One more point on structure.  Even proxy voting is costly to shareholders:  analyzing the issue up for a vote, the potentially varying points of view on that issue, formulating an opinion, and casting the ballot is a series of actions that requires nuanced determinations that may be beyond individual shareholders.  Even investment companies struggle.  Because they frequently compete on fees, are funds tempted to understaff proxy voting, or to outsource it to a proxy advisory firm?  Have we added a third layer of principal-agent issues?  Has it helped?

These are all questions that we need to be examining, and I hope today’s discussion can shed some light on at least some of them.

Turning from structure to market realities of the day:  Few companies are immune to activist pressures — as two of our distinguished panelists here today will no doubt discuss, activist owners can substantively influence the governance of the largest of companies.  And, increasingly, they are doing so.  Activism may be evolving, but it is not going away.  So it is more important than ever for shareholders to understand and evaluate activists’ long-term impact on companies and shareholder value.  In particular, to what extent do shareholder campaigns launched by activist investors create value for all shareholders?  What is the effect of these campaigns on long-term value?  To what extent does passive institutional ownership – and the involvement of proxy advisors – facilitate the growth in activist campaigns?  And activists themselves are not monolithic; they may themselves have different tactics or different time horizons that may lead to differential outcomes with respect to this range of questions.  Do activists take advantage of the imperfections in our system or do they smooth them?  I’ll give an answer — it’s probably both.

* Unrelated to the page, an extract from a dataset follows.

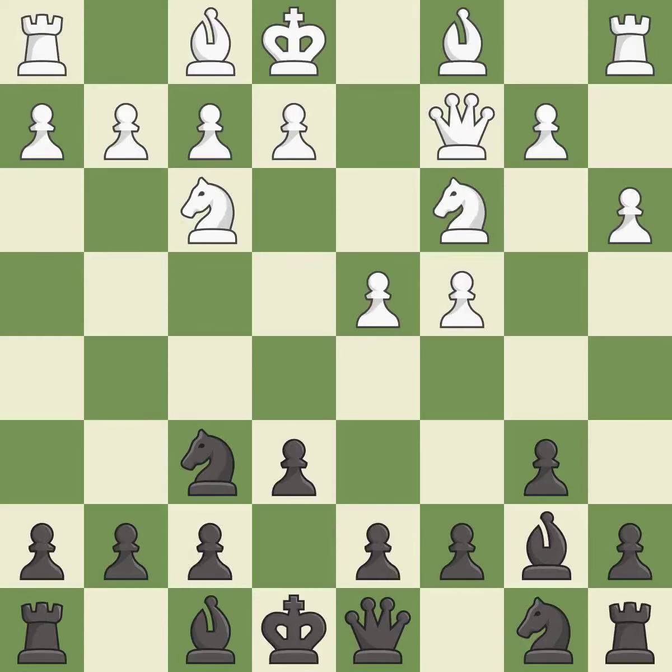Nc3 develops the knight toward the center and controls the d5 and e4 squares. c5 takes space in the center and attacks the d4 pawn. e4 takes full control of the center and allows the light-squared bishop to develop.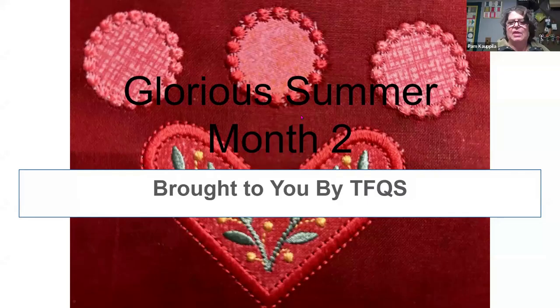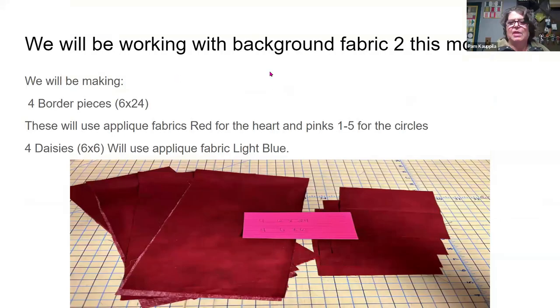Everybody see the PowerPoint now? All right, so this is Glorious Summer Month Two, brought to you by TFQS. We're working with background fabric number two this month. We'll be making four border pieces that are six by 24, and four daisy pieces that are cut on a six by six piece.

As we explore these issues, I want us to keep in mind a group of shareholders whose voices rarely have a place at the table: the Main Street Investor.  The engine of economic growth in this country depends significantly on the willingness of Main Street investors to put their hard-earned capital at risk in our markets over the long term.  If our system of corporate governance is not ensuring that the views and fundamental interests of these long-term retail investors are being protected, then we have a lot of work to do to make it so.

I look forward to hearing the discussions, analyses, and recommendations that will come out of today’s event.  Thank you all for agreeing to spend your time with us so that we can benefit from your insights. I wish you a day full of enjoyable and fruitful discussions.